The protagonists of Spanish and European intellectual history parade through its pages as close family and friends of Jiménez Fraud such as his teacher Giner de los Ríos. The list is long and impressive, including letters from: Manuel B. Cossío, José Moreno Villa, Zenobia Camprubí, Juan Ramón Jiménez, Natalia Cossío or Gloria Giner, along with Ortega and Gasset, Unamuno, Falla, Ramón y Cajal, Menéndez Pidal, María de Maeztu and Américo Castro.
“The collection of letters gathered in the Jiménez Fraud Epistolary is an impressive academic work that deserves all forms of praise for both publishers and publishing houses, since it is an outstanding contribution to Spanish intellectual and cultural history during the twentieth century, and it is also a very interesting book from the point of view of Spanish-British relations,” said the director of Instituto Cervantes in London, Ignacio Peyró.
Elisa Navas, director of the Francisco Giner de los Ríos Foundation, stressed the importance of the three volumes of the Alberto Jiménez Fraud Epistolary, for the abundant information hitherto unknown about the modernisation project born from the Free Institution of Education of which the Residencia was an emblem.

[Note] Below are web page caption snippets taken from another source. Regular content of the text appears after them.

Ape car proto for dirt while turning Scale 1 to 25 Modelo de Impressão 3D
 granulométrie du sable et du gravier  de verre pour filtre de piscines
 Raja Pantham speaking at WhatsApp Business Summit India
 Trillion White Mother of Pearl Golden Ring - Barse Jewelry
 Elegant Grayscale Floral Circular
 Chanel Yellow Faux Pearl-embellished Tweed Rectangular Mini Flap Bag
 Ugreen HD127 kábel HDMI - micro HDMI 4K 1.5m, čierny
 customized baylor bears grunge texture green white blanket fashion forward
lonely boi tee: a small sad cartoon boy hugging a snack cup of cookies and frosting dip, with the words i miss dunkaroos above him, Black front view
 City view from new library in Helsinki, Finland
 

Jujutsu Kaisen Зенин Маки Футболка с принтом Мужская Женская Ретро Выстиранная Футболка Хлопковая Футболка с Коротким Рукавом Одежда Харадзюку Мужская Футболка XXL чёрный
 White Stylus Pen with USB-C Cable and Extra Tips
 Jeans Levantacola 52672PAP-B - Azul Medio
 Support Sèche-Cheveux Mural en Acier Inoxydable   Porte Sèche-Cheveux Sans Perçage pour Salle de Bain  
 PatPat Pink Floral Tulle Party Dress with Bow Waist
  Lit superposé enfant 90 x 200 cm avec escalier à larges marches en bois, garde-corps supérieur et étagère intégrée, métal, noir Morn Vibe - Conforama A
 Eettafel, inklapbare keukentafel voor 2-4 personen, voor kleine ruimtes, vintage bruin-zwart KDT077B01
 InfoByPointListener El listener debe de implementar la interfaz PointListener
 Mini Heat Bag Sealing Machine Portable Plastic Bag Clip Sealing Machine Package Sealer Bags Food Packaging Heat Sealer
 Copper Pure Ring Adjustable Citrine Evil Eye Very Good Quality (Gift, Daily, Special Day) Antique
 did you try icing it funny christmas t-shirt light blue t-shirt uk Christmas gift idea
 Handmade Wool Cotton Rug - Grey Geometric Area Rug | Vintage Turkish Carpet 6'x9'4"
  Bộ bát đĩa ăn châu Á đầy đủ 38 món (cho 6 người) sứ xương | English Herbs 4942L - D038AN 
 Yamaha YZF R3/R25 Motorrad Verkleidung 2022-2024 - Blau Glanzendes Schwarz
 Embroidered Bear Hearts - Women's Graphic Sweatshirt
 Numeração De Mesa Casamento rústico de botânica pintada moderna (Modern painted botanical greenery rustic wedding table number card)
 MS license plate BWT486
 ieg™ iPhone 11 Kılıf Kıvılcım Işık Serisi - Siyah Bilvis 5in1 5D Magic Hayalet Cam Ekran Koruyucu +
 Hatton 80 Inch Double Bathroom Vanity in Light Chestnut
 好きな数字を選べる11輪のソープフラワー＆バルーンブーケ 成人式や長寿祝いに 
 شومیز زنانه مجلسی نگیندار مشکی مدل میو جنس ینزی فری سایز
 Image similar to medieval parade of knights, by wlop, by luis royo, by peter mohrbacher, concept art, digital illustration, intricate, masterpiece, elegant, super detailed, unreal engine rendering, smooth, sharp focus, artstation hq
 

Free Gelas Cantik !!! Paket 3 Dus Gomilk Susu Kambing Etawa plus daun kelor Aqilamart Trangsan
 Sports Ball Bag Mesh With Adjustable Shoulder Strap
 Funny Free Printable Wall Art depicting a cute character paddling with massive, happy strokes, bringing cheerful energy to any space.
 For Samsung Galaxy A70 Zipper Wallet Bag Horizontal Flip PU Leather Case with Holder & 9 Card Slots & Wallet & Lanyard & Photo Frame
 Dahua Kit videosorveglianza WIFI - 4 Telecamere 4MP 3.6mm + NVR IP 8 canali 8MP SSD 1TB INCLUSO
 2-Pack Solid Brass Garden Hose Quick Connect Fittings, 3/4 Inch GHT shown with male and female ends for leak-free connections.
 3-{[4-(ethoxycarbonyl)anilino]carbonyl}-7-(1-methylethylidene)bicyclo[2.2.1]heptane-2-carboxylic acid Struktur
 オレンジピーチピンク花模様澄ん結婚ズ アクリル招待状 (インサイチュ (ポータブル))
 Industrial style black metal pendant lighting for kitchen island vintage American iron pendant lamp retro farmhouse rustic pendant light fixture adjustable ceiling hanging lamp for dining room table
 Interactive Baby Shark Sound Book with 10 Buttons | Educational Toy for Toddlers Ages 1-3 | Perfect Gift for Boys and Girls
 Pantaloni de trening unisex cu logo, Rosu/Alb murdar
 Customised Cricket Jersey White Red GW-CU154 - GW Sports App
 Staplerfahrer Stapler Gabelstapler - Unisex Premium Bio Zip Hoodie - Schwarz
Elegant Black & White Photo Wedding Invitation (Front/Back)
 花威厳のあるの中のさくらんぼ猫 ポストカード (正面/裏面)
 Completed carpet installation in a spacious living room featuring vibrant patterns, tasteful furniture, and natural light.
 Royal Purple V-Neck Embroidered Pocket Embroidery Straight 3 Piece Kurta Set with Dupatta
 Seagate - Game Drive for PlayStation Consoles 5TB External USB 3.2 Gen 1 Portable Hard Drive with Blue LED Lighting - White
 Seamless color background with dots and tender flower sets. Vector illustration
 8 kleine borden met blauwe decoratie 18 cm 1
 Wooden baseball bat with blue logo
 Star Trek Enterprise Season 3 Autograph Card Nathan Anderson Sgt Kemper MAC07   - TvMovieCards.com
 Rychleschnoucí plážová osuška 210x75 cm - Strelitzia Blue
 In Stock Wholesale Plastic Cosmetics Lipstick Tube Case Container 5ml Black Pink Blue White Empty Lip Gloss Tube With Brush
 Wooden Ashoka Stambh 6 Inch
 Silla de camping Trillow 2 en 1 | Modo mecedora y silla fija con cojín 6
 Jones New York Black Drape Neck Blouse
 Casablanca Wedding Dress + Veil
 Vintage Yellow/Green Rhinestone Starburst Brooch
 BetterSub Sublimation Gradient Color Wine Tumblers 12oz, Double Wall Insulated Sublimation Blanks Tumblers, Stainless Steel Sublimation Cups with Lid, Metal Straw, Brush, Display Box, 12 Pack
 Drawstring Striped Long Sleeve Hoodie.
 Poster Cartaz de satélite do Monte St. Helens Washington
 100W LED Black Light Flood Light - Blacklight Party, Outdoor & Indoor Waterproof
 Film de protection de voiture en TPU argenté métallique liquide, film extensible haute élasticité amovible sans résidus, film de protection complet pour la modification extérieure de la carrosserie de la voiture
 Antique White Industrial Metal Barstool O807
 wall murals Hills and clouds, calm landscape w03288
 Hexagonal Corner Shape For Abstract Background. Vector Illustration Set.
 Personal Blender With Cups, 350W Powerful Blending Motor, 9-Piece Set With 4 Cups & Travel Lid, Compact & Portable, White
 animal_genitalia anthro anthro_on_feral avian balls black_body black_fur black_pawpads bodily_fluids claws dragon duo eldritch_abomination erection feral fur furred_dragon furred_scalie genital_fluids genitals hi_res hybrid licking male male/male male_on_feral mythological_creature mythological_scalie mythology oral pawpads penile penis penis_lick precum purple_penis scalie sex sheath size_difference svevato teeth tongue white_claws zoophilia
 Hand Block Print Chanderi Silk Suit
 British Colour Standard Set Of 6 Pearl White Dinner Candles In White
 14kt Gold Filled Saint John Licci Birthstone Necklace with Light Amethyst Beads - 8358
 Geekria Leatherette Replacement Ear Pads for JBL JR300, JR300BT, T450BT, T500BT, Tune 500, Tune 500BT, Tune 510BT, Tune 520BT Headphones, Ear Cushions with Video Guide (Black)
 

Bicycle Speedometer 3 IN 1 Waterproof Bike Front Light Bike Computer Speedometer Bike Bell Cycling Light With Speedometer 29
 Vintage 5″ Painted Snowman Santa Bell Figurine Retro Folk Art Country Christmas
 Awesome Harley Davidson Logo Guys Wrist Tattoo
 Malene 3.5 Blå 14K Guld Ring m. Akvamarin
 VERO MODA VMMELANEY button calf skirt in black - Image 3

Jiménez Fraud’s letters, which fluctuate between public and private, are included in the collection of epistolary published by the Residencia, in an attempt to achieve the most complete body of correspondence of the most relevant figures of the so-called Age of Silver of the Spanish culture: the period from 1868 to 1936, the brightest period after the Golden Age.
For Navas, the epistolary meets the rescue objective that encouraged the life and work of Jiménez Fraud when he had to leave the Residencia in September 1936, considering it essential to recover the memory of the institutions and the transmission of his legacy to the new generations of Spaniards, with the dream that one day they could reap their fruit in a free and democratic Spain.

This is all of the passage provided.